在本研究中,透過文獻回顧得知PMT之不穩定行為在實驗量測下,無論是短期可逆的漂移效應(Drift effect),抑或是長期不可逆的疲乏效應(Fatigue effect),都會對訊號產生一定程度的影響,導致使用基態耗損顯微鏡(Ground state depletion microscopy, GSD)對樣本進行基態耗損效應的量測時,無法確認雙光子螢光訊號的抑制趨勢是否來自於基態電子的耗盡所產生的螢光關閉現象。為此,本研究將利用基態耗損顯微系統進行實驗,透過不同實驗條件下所量測之雙光子螢光訊號行進行分析,探討疲乏效應的產生原因及特徵表現,藉由實驗結果可以得知在訊號強度過高的狀況下,PMT放大訊號的過程中容易使得增益值產生變化,並且需要在多道光源於激發的過程中,加入適當的無光激發時長才能逐漸恢復至穩定狀態。本研究結果於未來使用此系統量測時,可提升整體系統的準確性與穩定性,避免因PMT導致的訊號失真情形。;In super-resolution fluorescence microscopy, the fluorescence signal is generally weaker compared to signals obtained using conventional optical microscopy. To enhance signal intensity and improve image quality, photomultiplier tubes (PMTs) are widely employed for signal amplification and detection. However, under prolonged exposure and high-intensity excitation light, PMTs are prone to fatigue effects, leading to reduced gain and sensitivity, which in turn results in signal distortion.

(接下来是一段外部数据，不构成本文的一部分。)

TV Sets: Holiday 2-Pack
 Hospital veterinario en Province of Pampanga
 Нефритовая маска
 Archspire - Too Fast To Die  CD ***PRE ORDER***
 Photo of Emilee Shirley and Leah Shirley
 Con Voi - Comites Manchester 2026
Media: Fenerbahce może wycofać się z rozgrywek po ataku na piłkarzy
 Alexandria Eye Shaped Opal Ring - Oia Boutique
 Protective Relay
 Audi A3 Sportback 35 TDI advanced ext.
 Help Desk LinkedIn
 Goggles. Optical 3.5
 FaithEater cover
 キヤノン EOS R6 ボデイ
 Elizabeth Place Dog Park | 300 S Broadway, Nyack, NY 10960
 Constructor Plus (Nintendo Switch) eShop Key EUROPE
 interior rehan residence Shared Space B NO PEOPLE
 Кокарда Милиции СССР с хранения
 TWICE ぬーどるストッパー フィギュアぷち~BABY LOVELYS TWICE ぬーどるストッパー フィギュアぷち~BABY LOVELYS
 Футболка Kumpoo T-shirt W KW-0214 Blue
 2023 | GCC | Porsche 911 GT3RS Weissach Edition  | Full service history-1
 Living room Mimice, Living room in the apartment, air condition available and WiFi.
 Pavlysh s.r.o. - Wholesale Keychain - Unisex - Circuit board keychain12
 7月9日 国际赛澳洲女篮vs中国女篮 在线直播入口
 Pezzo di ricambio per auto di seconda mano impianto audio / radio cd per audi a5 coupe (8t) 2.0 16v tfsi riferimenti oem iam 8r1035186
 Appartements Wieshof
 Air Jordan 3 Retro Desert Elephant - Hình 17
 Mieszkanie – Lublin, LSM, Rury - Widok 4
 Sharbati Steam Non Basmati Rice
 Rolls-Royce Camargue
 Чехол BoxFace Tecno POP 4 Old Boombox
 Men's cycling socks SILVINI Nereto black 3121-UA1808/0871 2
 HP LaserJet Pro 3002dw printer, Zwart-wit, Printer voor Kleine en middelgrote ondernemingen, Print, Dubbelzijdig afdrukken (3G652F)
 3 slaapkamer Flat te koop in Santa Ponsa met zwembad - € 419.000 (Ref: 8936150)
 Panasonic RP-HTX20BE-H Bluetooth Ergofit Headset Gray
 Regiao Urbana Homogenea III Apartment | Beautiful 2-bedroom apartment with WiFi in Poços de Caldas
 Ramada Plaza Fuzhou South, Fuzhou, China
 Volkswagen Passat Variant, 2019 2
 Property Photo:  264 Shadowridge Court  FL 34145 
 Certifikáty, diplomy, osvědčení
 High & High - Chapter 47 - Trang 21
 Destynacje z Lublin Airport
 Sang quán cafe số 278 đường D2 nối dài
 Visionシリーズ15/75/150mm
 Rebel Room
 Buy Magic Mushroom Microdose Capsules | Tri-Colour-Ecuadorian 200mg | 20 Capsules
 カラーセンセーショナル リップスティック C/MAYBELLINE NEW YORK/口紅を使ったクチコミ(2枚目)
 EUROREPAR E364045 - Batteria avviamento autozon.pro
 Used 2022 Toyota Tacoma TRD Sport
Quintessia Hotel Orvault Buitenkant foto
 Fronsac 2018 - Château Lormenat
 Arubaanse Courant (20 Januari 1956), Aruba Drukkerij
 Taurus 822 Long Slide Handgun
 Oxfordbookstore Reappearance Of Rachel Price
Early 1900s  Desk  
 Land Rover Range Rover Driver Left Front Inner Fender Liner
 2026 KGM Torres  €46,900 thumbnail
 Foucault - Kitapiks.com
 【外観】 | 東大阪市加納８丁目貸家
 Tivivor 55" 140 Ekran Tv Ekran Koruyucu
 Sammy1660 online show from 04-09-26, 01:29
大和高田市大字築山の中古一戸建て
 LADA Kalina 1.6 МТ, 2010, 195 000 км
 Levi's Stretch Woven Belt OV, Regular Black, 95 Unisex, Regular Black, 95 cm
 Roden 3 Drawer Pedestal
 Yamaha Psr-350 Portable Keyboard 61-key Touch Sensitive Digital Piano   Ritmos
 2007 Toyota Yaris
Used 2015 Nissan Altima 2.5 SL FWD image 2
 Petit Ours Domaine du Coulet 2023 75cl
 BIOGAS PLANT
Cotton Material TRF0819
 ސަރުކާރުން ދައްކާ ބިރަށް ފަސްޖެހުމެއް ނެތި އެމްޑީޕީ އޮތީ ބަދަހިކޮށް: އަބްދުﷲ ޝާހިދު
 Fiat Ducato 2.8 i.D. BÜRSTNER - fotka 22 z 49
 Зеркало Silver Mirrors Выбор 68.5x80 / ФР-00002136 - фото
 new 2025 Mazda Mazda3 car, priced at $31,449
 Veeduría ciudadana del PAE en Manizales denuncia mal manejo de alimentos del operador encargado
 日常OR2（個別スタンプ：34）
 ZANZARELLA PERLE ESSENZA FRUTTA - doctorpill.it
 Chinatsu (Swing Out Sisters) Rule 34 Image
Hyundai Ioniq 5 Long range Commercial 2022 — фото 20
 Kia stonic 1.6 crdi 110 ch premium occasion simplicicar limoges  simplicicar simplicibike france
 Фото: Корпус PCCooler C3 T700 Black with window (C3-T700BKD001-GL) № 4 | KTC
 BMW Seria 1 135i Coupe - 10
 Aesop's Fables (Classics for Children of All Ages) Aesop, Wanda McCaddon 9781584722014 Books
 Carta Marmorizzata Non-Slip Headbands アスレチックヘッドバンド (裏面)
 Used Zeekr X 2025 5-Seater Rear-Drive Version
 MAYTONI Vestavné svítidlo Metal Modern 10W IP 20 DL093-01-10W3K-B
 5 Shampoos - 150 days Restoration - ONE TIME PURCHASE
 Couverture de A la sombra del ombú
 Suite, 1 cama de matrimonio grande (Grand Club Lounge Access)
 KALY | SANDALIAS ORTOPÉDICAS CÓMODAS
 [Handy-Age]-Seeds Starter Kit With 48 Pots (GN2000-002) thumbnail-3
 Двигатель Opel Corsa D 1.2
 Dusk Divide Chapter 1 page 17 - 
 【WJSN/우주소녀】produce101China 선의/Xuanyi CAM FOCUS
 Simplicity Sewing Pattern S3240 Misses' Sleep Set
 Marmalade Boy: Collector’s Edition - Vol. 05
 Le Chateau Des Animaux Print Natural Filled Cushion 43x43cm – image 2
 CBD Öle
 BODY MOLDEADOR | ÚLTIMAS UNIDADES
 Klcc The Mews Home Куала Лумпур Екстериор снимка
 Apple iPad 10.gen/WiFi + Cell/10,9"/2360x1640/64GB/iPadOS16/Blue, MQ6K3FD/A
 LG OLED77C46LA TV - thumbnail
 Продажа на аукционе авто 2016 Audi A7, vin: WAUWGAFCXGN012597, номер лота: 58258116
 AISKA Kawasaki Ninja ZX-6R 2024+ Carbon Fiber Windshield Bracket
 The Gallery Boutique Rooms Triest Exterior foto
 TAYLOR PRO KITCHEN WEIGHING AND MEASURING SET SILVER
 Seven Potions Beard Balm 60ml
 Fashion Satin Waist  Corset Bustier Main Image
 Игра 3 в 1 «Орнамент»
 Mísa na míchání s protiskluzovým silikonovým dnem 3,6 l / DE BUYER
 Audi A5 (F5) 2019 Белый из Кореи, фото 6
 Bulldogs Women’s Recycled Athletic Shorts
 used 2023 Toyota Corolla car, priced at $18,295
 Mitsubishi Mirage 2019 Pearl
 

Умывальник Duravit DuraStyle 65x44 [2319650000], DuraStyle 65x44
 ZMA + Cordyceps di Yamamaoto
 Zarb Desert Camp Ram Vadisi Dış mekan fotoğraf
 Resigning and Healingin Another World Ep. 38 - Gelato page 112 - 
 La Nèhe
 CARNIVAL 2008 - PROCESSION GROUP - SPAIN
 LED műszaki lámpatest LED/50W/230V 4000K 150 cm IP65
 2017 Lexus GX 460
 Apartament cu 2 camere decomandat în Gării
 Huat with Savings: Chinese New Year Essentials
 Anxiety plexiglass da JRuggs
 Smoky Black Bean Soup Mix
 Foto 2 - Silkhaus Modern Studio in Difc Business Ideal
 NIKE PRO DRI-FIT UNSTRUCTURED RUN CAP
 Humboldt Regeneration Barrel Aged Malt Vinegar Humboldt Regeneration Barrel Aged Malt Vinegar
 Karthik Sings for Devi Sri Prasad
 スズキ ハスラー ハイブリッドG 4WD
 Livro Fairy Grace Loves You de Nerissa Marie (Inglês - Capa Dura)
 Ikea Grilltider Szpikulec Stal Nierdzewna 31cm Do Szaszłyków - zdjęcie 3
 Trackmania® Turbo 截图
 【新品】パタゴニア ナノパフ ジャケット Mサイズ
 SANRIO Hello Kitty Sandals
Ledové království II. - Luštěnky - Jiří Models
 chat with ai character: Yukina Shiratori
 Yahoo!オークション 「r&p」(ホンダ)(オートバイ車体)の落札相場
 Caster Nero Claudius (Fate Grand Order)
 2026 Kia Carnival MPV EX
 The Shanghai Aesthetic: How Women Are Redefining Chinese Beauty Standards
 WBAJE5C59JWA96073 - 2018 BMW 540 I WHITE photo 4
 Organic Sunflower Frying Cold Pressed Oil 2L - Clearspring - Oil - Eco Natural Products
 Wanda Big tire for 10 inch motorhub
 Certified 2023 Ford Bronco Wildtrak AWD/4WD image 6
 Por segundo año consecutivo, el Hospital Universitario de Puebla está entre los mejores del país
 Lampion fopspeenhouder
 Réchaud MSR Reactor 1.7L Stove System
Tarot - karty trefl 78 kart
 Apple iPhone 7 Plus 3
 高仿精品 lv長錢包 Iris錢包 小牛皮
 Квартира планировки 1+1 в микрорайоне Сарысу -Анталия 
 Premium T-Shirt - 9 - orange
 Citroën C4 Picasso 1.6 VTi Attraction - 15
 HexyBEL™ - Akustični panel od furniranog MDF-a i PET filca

In this study, a literature review reveals that PMT instability—whether reversible short-term drift effects or irreversible long-term fatigue effects—can significantly affect signal integrity. This issue becomes particularly critical when using ground state depletion microscopy (GSD) to investigate the depletion of ground-state electrons in samples. It becomes challenging to determine whether the observed suppression of the two-photon fluorescence signal genuinely originates from fluorescence quenching due to ground-state depletion.
To address this issue, this study conducts experiments using a GSD microscopy system. By analyzing two-photon fluorescence signals acquired under various experimental conditions, we investigate the causes and characteristics of PMT fatigue effects. The results indicate that when the signal intensity is excessively high, the gain of the PMT tends to fluctuate during the signal amplification process. It is also observed that introducing an appropriate period of non-illumination between multi-source excitation cycles can help restore the system to a stable state.
The findings of this research contribute to improving the accuracy and stability of future measurements conducted with this system, by reducing signal distortion caused by PMT-induced effects.